[ENet-discuss] Shooter Game
Lee Salzman
lsalzman1 at cox.net
Wed Apr 15 01:53:08 PDT 2009
The ENet header overhead is not bad, per se, but keep in mind if you are
not bulking stuff into packets, the overhead for my case would have been
N*(N-1)*30 packet headers, times whatever the size of the headers is.

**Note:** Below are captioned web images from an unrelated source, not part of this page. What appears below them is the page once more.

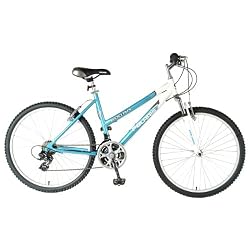 Polaris 600RR Women's Mountain Bike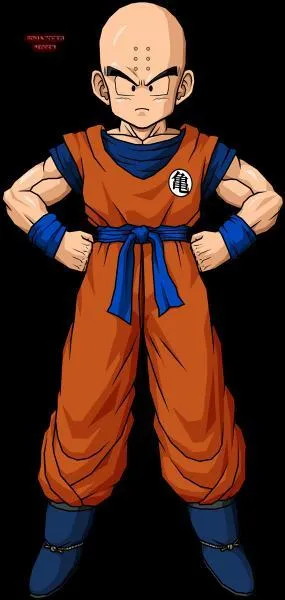 Qui est ce personnage ?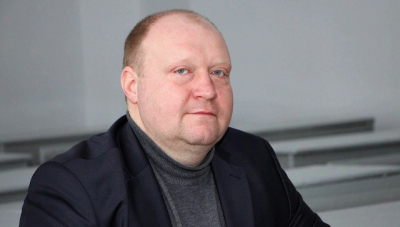 Чи стане Соболь ректором педуніверситету? 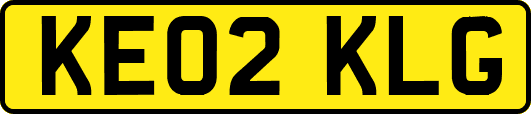 KE02KLG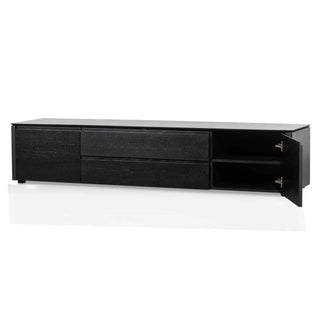 Max Black Oak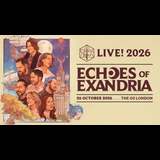 Critical Role Live Monday 26 October 2026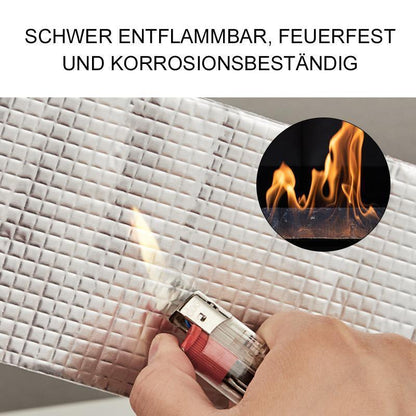 Befez | Heavy Duty Waterproof Butyl Sealant Tape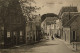 Tholen - Tolen (Zld.) Vischstraat 1912 Topkaart - Tholen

That adds up quickly, especially if the headers are >= 20 bytes in size
all total, so that it would almost double (or worse) the bandwidth usage
the server was sending out!
Now, with respect to the second question, ISPs place much harsher caps
on upstream bandwidth than they do downstream, so upstream and
downstream bytes are not created equal. :)
Lee
Daniel Aquino wrote:
> On Tue, Apr 14, 2009 at 10:52 PM, Lee Salzman <lsalzman1 at cox.net> wrote:
>
>
>> Regardless, the biggest consumers of bandwidth and perhaps the most latency
>> sensitive data is position packets. In Cube 1/2, each position packet runs
>> about 20 bytes for each player (since it carries position, velocity, any
>> physics/animation state, etc), and it is sent unreliably at a fixed rate of
>> 30 times a second. So you end up with a situation where the bandwidth usage
>> is (for N=number of players): N*(N-1)*20*30 bytes per second, since each
>> player must send its position to every other player.
>>
>
>
> Do you know how much the overhead there is for udp and enet headers?
>
>
>
>> If you went with a peer-peer scheme, the individual load
>> per peer would then only be (N-1)*20*30, but with greater overhead in
>> packets/headers, since they can't be bulked together into a single packet -
>> each update goes to a different client. But for each peer, this is all
>> upstream bandwidth.
>>
>
>
> What did you mean by this?
>
> wouldn't the full upstream/downstream bandwidth be 2 * ( (N-1)*20*30 ) ??